**Assignment**: For the string "Shirt", work out how many lines of the data contain it and give that number with nothing added.

**Data to examine**:
= Beginning of Section =

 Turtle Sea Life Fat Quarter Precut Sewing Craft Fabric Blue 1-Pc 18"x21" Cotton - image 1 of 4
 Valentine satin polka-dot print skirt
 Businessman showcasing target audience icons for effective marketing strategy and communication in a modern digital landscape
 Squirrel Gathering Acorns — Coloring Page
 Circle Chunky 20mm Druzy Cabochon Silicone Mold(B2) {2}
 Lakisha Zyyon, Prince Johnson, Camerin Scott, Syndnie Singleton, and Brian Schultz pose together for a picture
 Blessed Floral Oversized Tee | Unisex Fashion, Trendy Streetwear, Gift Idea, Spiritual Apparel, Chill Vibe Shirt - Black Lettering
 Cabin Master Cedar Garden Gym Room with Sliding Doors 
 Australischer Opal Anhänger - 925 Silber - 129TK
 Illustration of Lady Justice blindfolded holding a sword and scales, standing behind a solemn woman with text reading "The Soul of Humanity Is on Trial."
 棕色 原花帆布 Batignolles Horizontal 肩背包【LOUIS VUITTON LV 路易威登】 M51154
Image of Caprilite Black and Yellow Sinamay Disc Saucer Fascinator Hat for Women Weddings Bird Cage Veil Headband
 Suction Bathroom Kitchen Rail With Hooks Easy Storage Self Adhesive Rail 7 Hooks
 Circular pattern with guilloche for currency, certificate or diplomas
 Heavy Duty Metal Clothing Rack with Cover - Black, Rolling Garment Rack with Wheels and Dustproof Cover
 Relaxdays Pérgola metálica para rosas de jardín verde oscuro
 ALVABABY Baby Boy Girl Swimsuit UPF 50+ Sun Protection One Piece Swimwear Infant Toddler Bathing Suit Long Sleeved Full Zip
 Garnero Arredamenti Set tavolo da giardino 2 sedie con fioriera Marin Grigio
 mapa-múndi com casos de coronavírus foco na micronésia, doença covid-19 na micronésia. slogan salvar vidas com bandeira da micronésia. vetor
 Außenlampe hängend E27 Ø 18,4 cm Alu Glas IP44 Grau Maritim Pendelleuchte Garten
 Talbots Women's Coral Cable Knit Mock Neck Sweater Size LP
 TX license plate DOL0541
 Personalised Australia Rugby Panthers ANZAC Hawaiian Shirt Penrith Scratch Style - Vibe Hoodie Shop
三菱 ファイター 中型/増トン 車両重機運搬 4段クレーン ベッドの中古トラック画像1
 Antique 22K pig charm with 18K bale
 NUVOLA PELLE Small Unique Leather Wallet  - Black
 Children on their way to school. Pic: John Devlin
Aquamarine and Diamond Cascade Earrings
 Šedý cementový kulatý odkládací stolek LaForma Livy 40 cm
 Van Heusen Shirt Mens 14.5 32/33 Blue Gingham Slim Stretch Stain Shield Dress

= End of Section =

**Response to this exercise**: 3